Data for processing:
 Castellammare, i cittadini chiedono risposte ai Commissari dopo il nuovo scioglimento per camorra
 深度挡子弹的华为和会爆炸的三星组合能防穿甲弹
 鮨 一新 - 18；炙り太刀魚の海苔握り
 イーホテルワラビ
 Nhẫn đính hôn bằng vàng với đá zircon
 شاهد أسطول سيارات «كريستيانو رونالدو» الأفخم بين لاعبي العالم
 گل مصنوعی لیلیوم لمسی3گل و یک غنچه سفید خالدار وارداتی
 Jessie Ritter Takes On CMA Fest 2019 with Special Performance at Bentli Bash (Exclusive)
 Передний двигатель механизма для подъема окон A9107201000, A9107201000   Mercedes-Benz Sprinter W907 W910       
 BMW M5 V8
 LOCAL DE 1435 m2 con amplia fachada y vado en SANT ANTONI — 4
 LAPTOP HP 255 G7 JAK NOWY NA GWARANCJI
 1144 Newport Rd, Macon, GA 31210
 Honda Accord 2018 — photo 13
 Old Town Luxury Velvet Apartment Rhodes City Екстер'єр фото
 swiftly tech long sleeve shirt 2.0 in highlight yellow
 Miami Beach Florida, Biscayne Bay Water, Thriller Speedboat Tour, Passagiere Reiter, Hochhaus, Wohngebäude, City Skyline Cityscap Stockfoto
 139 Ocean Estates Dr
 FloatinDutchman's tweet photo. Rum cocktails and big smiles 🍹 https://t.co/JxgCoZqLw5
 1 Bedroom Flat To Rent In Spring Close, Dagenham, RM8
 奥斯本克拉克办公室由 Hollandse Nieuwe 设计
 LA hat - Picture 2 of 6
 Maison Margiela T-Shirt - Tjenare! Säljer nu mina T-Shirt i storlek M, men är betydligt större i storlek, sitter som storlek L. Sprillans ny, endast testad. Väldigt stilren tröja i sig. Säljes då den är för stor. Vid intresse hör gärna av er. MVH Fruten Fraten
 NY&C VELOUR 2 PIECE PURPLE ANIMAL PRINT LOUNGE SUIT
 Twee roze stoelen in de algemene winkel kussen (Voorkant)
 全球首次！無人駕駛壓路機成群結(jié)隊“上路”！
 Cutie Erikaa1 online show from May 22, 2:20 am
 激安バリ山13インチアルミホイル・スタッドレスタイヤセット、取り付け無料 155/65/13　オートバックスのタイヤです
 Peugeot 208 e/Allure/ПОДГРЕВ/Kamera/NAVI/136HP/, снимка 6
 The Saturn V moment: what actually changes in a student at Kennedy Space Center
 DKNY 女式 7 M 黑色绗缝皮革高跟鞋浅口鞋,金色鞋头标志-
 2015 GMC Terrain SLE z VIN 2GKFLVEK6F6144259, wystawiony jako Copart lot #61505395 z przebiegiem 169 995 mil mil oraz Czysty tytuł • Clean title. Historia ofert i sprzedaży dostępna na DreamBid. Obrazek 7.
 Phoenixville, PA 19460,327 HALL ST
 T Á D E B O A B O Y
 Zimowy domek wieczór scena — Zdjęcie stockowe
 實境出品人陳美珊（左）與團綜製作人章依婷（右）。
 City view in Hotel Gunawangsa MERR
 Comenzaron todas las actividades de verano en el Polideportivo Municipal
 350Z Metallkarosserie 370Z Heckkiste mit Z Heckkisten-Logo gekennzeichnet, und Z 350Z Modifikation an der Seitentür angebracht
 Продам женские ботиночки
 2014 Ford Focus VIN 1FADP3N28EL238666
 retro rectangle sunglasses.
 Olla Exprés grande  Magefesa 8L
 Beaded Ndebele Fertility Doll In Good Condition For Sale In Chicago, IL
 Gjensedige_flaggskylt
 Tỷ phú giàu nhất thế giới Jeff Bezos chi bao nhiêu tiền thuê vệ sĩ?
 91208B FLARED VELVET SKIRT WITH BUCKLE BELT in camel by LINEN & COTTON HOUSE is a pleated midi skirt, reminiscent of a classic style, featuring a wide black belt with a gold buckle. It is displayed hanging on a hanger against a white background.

Activity: Looking at the data above, return every line from the one with "1144 Newport Rd, Macon, GA 31210" down to the one with "Maison Margiela T-Shirt", exactly and inclusively.

Solved exercise:
 1144 Newport Rd, Macon, GA 31210
 Honda Accord 2018 — photo 13
 Old Town Luxury Velvet Apartment Rhodes City Екстер'єр фото
 swiftly tech long sleeve shirt 2.0 in highlight yellow
 Miami Beach Florida, Biscayne Bay Water, Thriller Speedboat Tour, Passagiere Reiter, Hochhaus, Wohngebäude, City Skyline Cityscap Stockfoto
 139 Ocean Estates Dr
 FloatinDutchman's tweet photo. Rum cocktails and big smiles 🍹 https://t.co/JxgCoZqLw5
 1 Bedroom Flat To Rent In Spring Close, Dagenham, RM8
 奥斯本克拉克办公室由 Hollandse Nieuwe 设计
 LA hat - Picture 2 of 6
 Maison Margiela T-Shirt - Tjenare! Säljer nu mina T-Shirt i storlek M, men är betydligt större i storlek, sitter som storlek L. Sprillans ny, endast testad. Väldigt stilren tröja i sig. Säljes då den är för stor. Vid intresse hör gärna av er. MVH Fruten Fraten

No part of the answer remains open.